• [Task to complete]
In the copy you make, keep each entry exactly as it is and leave out all images.

• [Recorded information]
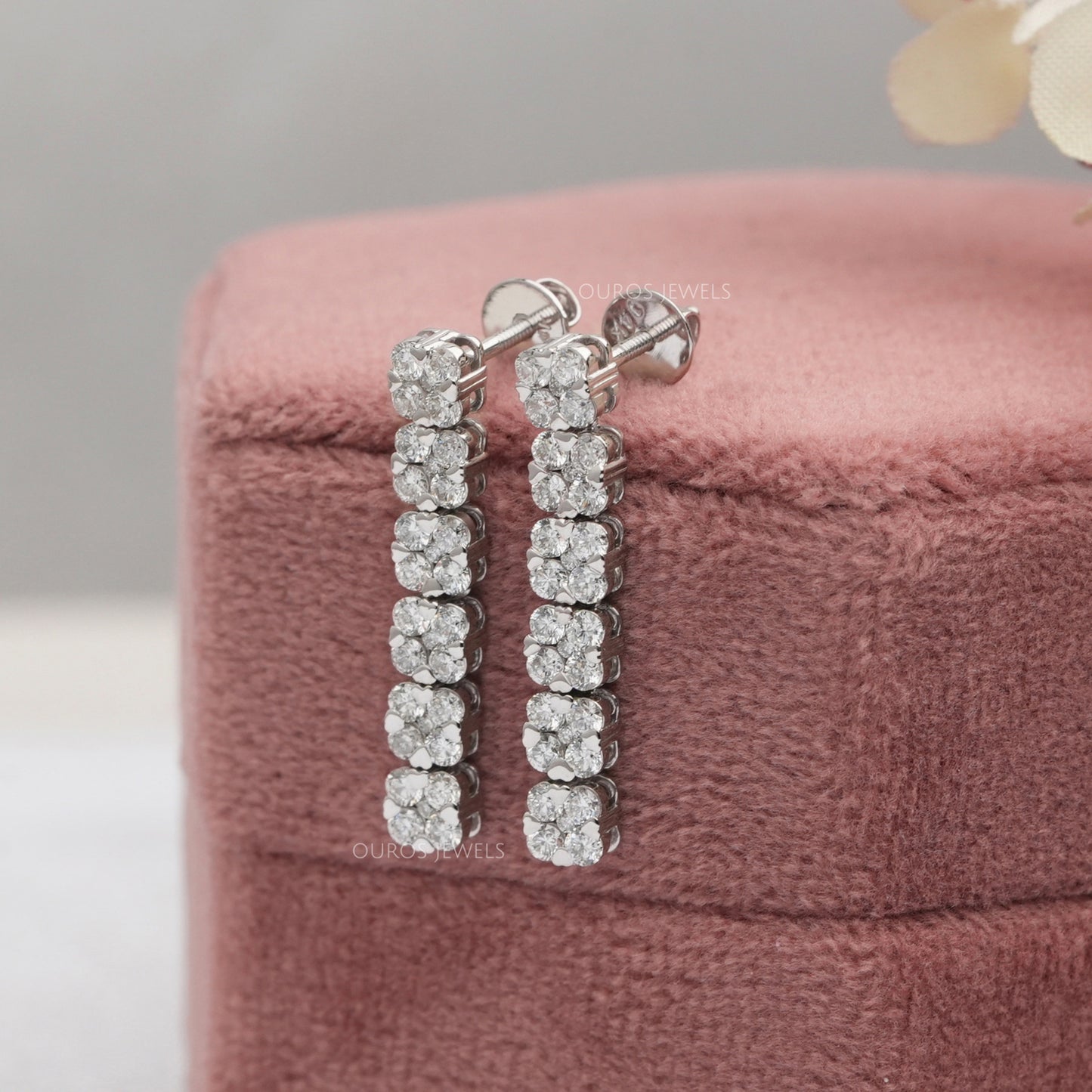 Round Cut Lab Grown Cluster Diamond Earrings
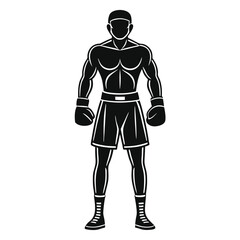 Silhouette of Strong Man Raising Fist in Victory or Protest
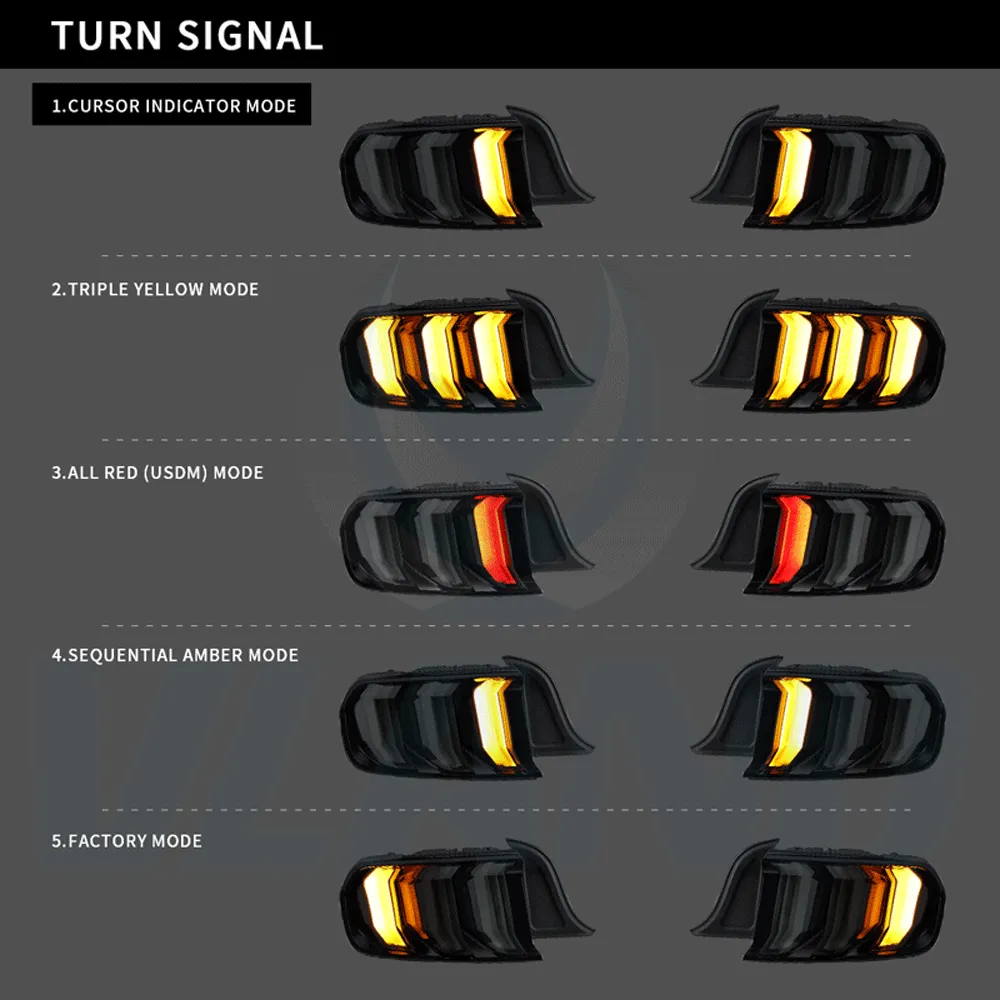 VLAND Full LED Tail Lights For Ford Mustang 2015-2023 with Sequential Turn Signal (5 modes switchable)[E-MARK,DOT.SAE.]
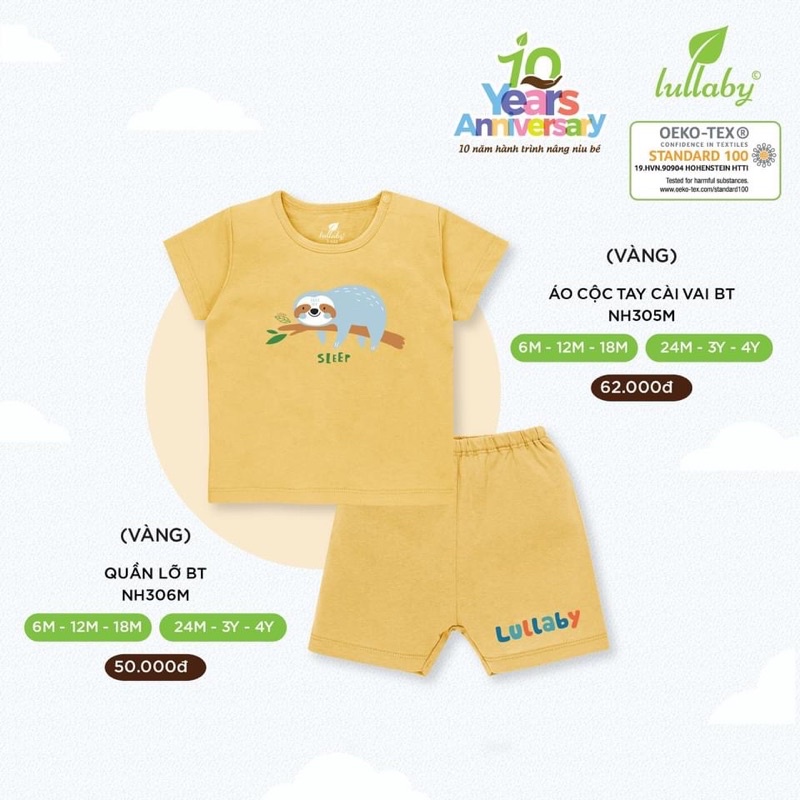 [LULLABY 2022] Bộ Cộc tay bé trai cotton (Sz 6m-4y)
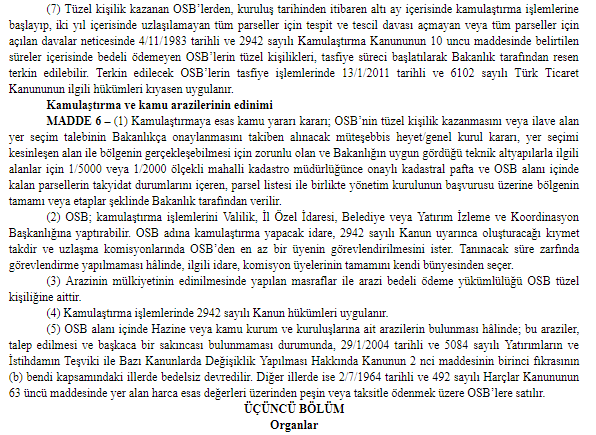 OSB Uygulama Yönetmeliği Değişikliği 2019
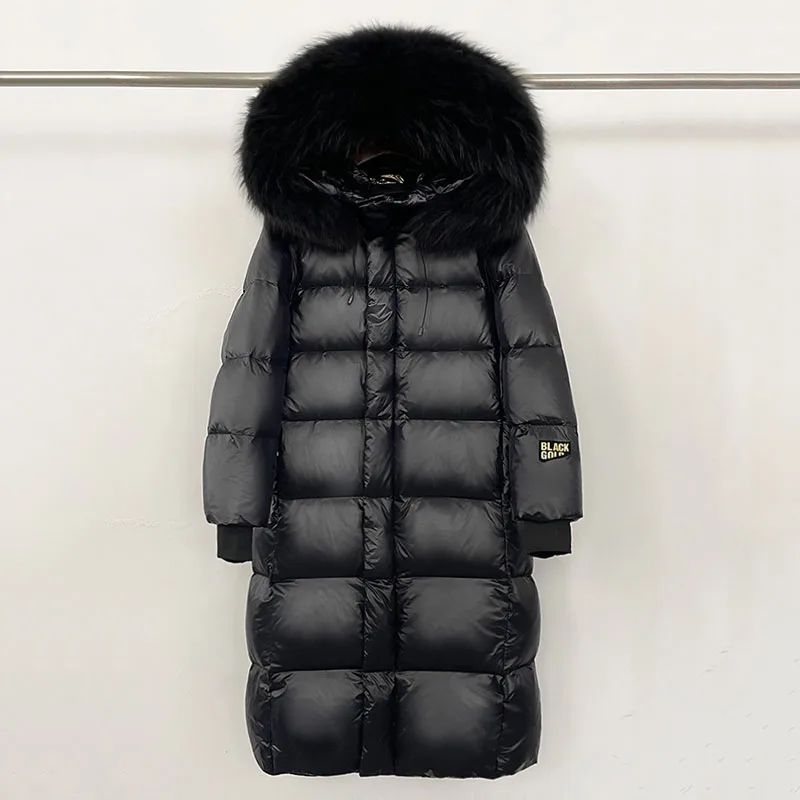 Novo inverno engrossado para baixo jaqueta feminina pato branco 2025 gola de pele natural à prova de frio de alta qualidade jaqueta feminina h549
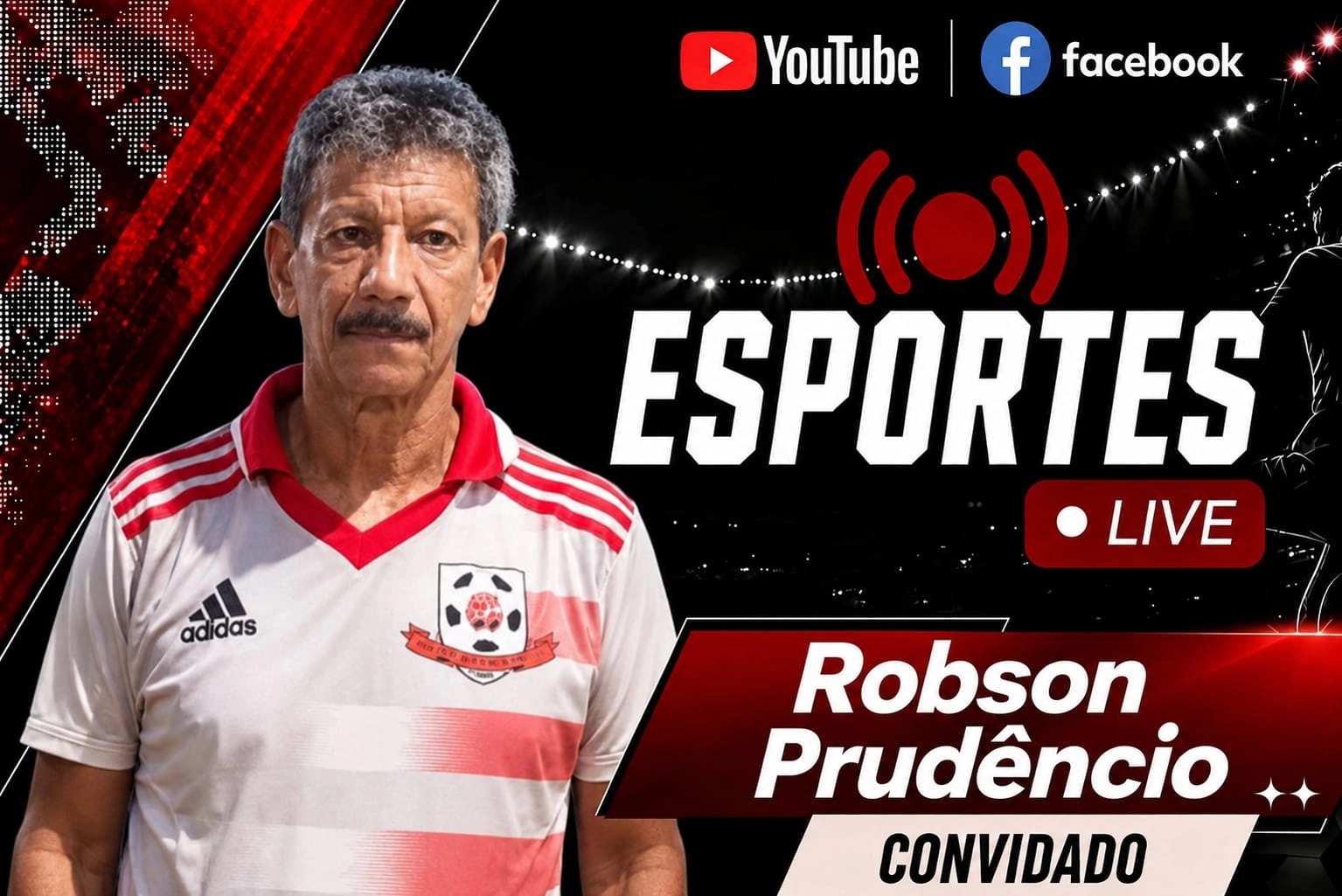 O programa ESPORTES LIVE recebe nesta quinta-feira, dia 20, o professor Robson Prudêncio, técnico do Guarucar Futsal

• [Written solution]
 Round Cut Lab Grown Cluster Diamond Earrings
 Silhouette of Strong Man Raising Fist in Victory or Protest
 VLAND Full LED Tail Lights For Ford Mustang 2015-2023 with Sequential Turn Signal (5 modes switchable)[E-MARK,DOT.SAE.]
 [LULLABY 2022] Bộ Cộc tay bé trai cotton (Sz 6m-4y)
 OSB Uygulama Yönetmeliği Değişikliği 2019
 Novo inverno engrossado para baixo jaqueta feminina pato branco 2025 gola de pele natural à prova de frio de alta qualidade jaqueta feminina h549
 O programa ESPORTES LIVE recebe nesta quinta-feira, dia 20, o professor Robson Prudêncio, técnico do Guarucar Futsal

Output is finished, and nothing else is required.